FRIDAY’S MINI-REPORT…. Today’s edition of quick hits:
* More bloodshed in Baghdad: “Bombs exploded near five Shiite mosques around Baghdad within 45 minutes on Friday as worshipers attended prayer services, killing at least 29 people in what appeared to be a coordinated attack against followers of the anti-American cleric Moktada al-Sadr, Iraqi officials and a Sadr aide said.”
* “Cash for clunkers” received a strong enough reception that it started to run out of money. The House voted today, with plenty of Republican votes, to direct an additional $2 billion into the program.
* The House tackled executive salaries, too: “The House of Representatives approved legislation today that would give shareholders of companies the right to cast advisory votes on executive compensation and empower financial regulators to limit pay that they deem inappropriate. The bill, which passed 237-185, came in response to public outrage over lavish pay received by executives at Wall Street firms that took billions in emergency aid from the government.”
* Gen. Stanley McChrystal is bringing a new U.S. strategy to Afghanistan, but he still wants a lot more boots on the ground.
* Sen. Chris Dodd (D) of Connecticut announced today that he’s been diagnosed with a treatable form of prostate cancer. He will stay in the Senate, will seek re-election, and is confident about a full recovery.
* Congress will investigate fraudulent letters sent to lawmakers during the cap-and-trade debate.

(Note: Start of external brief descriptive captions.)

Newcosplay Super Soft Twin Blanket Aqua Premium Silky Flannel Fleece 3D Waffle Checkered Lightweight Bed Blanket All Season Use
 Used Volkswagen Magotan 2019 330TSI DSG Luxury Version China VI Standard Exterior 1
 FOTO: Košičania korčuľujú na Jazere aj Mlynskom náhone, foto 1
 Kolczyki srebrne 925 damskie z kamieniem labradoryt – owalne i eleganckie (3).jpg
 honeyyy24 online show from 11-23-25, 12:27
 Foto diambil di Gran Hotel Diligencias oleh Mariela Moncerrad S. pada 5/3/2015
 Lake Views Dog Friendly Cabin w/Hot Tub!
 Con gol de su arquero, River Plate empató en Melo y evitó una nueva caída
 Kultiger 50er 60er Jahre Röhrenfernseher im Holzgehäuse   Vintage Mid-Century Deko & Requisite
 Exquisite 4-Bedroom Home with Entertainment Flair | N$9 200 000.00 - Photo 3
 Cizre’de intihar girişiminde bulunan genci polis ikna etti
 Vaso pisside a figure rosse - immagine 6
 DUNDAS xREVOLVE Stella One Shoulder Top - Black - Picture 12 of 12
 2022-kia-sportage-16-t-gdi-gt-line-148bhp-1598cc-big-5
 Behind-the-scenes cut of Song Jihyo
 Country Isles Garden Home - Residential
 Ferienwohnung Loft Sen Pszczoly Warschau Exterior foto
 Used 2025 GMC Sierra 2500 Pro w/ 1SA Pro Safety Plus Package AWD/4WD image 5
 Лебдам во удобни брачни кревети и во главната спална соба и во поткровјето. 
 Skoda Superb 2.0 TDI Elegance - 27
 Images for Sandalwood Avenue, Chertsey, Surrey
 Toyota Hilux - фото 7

* New York Attorney General Andrew Cuomo with the Quote of the Day: “When the banks did well, their employees were paid well. When the banks did poorly, their employees were paid well. And when the banks did very poorly, they were bailed out by taxpayers and their employees were still paid well.”
* Media Matters is going after Lou Dobbs with ads — to be aired on CNN.
* House Minority Whip Eric Cantor (R-Va.) doesn’t buy into the Birther conspiracy theory, which he blames on liberal bloggers and MSNBC.
* A right-wing activist group is distributing advice to conservatives on how to disrupt public events and harass Democratic lawmakers. Stay classy, conservatives.
* Peggy Noonan remembers Richard Nixon a lot differently than the rest of us.
* Megan McArdle argues against national health insurance. Ezra Klein was going to respond, but had trouble: “In 1,600 words, she doesn’t muster a single link to a study or argument, nor a single number that she didn’t make up (what numbers do exist come in the form of thought experiments and assumptions). Megan’s argument against national health insurance boils down to a visceral hatred of the government.”
* And finally, I thought National Review‘s Andy McCarthy couldn’t be a bigger embarrassment. I stand corrected.
Anything to add? Consider this an open thread.